Wilk z Wall Street. plakat

Zaczyna się jazda bez trzymanki (bez zasad, bez hamulców, bez refleksji).
Z hiperspożyciem i megaodlotem.
Z „towarem” w ilościach hurtowych. Dużo dragów, ekscesów i przekrętów. Łukasz Muszyński na FilmWebie (dobra recenzja) nazywa ten świat „królestwem zwierząt w rui”, a sam film brokerską wersją Chłopców z ferajny. Dodajmy: to komedia! Choć rzeczy same w sobie śmieszne nie są.
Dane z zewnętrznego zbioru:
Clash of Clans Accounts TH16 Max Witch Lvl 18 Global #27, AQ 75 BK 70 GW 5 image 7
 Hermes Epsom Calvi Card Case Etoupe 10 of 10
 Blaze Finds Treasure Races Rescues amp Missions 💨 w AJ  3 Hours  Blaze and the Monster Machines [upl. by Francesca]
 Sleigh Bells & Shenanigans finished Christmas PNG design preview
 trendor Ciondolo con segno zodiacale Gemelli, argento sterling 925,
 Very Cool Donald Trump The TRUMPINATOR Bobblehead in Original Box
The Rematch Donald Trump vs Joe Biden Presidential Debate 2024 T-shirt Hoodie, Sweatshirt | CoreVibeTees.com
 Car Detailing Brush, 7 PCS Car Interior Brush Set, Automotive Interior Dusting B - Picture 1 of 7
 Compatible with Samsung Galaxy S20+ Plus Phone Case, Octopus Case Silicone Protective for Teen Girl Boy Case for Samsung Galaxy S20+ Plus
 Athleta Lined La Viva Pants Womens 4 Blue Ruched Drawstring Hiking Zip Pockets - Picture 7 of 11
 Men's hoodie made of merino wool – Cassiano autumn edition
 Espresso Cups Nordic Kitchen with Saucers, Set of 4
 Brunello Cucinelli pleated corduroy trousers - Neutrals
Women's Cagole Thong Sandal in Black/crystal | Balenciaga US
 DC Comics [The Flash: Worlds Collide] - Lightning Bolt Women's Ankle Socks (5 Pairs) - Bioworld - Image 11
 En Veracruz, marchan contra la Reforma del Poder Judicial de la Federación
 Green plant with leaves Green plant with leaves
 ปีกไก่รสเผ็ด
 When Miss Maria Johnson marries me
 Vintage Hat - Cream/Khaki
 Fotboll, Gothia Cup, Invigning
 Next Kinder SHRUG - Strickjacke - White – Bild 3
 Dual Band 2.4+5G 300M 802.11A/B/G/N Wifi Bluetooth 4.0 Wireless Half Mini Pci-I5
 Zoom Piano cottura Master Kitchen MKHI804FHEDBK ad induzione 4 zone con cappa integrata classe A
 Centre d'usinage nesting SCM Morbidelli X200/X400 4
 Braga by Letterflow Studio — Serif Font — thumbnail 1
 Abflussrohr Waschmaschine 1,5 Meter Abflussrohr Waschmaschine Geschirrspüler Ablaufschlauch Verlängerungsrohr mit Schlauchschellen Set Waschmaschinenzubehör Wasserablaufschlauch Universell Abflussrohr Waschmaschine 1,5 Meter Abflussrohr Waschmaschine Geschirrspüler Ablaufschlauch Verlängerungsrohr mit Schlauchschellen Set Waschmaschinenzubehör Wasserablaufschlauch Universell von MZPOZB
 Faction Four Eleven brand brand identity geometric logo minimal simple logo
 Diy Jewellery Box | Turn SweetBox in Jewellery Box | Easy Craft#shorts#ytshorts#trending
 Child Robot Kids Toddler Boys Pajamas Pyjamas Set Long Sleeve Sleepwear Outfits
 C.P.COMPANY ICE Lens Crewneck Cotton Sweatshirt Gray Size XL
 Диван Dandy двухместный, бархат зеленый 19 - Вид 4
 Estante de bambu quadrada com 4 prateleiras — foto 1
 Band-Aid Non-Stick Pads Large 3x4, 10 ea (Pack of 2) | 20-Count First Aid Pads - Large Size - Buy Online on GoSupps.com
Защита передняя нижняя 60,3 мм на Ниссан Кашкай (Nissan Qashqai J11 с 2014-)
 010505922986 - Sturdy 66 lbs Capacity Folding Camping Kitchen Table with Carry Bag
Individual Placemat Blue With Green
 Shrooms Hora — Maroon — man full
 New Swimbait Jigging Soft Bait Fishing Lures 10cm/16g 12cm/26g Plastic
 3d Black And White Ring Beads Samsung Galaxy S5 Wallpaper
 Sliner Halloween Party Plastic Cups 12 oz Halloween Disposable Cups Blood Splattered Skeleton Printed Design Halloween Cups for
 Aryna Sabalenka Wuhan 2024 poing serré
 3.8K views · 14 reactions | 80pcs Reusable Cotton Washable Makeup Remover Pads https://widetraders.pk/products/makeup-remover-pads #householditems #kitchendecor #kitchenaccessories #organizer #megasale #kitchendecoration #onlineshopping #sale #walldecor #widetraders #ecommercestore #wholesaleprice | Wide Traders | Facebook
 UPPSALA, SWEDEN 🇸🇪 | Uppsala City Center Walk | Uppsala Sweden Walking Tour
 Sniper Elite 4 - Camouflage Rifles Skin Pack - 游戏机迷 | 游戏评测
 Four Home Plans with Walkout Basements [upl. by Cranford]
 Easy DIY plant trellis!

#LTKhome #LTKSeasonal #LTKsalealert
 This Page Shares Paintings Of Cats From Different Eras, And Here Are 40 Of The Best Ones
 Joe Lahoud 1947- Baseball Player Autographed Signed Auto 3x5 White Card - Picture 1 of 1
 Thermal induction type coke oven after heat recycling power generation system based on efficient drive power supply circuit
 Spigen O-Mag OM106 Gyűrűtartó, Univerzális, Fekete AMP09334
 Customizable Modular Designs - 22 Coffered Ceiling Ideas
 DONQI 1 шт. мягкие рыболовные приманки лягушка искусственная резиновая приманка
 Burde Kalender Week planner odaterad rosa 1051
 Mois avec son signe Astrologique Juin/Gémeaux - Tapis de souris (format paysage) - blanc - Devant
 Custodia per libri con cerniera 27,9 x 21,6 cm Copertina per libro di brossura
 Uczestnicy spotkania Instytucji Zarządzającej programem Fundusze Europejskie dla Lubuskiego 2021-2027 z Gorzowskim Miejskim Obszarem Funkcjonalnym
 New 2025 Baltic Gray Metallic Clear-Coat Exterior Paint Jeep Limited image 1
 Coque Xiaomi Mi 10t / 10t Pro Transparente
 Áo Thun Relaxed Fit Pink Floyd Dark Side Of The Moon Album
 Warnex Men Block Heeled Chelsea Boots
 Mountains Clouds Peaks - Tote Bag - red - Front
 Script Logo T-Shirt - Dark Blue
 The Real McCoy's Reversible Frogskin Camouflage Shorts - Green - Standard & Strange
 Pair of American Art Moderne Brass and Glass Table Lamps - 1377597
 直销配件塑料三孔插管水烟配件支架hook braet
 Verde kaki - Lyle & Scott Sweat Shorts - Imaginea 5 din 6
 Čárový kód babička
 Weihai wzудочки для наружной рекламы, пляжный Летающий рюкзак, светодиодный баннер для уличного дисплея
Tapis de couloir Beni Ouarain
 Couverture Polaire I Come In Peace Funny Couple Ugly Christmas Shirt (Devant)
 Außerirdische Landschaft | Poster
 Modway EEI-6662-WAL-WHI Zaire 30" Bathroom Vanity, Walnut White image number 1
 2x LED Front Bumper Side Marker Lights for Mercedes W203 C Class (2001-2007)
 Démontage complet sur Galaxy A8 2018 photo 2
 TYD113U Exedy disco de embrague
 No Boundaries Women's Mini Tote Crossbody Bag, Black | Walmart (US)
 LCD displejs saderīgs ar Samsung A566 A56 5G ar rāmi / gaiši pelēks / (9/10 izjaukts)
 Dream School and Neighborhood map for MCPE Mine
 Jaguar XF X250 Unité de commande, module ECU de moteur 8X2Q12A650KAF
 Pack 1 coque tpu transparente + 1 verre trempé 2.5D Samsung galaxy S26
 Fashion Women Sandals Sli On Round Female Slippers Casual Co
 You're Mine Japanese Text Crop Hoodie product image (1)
I za jedną z głównych myśli po seansie uważam tę o niesamowitej sile perswazji (gra aktorska, tempo i ton), która hibernuje refleksje. Scorsese nie tylko trafia tym filmem do czołówki niegrzecznych tytułów, ale bez najmniejszej dozy moralizatorstwa pokazuje, jak łatwo się wkręcić. Widzieć żenadę, ale bić brawo dla stylu. Rozumieć, że by mieć, trzeba komuś zabrać, ale zapominać o wydrenowanych w okamgnieniu. Nie mieć złudzeń, że zachłanność może cokolwiek naprawdę dawać, ale uśmiechać się na widok nonszalancko rozrzucanych zielonych banknotów. Można widzieć w Jordanie Belforcie żałosnego kabotyna i nie móc oderwać oczu od wcielającego się w tę rolę DiCaprio. 

Grany przez niego Jordan Belfort to postać autentyczna. Ambitny typ. Zaczynał od zera, bez rodzinnych koneksji. Na przełomie lat 80. i 90. zdobył licencję maklera dzień przed krachem na giełdzie. Porażka stymuluje sukces. Swój dom maklerski (Stratton Oakmont) stworzył, przekształcając giełdę spółek groszowych. Sedno operacji polegało na sprzedaniu klientom nic niewartych akcji za niską cenę, ale z wysoką (50%!) prowizją. Kto umie wykreować popyt, ten zyskuje. Innowacja Belforta, która przyniosła mu prawdziwe kokosy, opierała się na dotarciu do bogatych inwestorów. Trzeba było oferować im poważne akcje, ale nic nie stało na przeszkodzie, by dorzucać w pakiecie ofertę akcji śmieciowych (tych, na których klient straci na pewno, a makler zawsze zyska). Nazwano to techniką „Kodak pitch” (Kodak na przynętę, śmieci w aneksie). Sława fałszywego Robin Hooda, który zabiera bogatym, daje swoim, przyciągała ryzykantów. Margines działań nielegalnych był szeroki jak wezbrana rzeka. Co doprowadziło do więziennej odsiadki, a przedtem do spektakularnej gry z prawem i konkurencją. Belfort – jak kot – ma siedem wcieleń. Siedem znaczy nieskończenie wiele. Dziś jest cenionym trenerem sprzedawców. Niższe loty, ale wciąż nie brakuje chętnych, by uczyć się u mistrza przekrętu. Biografia, która porusza wyobraźnię, a wyobraźnia hollywoodzkiego scenarzysty operuje paletą insywnych barw.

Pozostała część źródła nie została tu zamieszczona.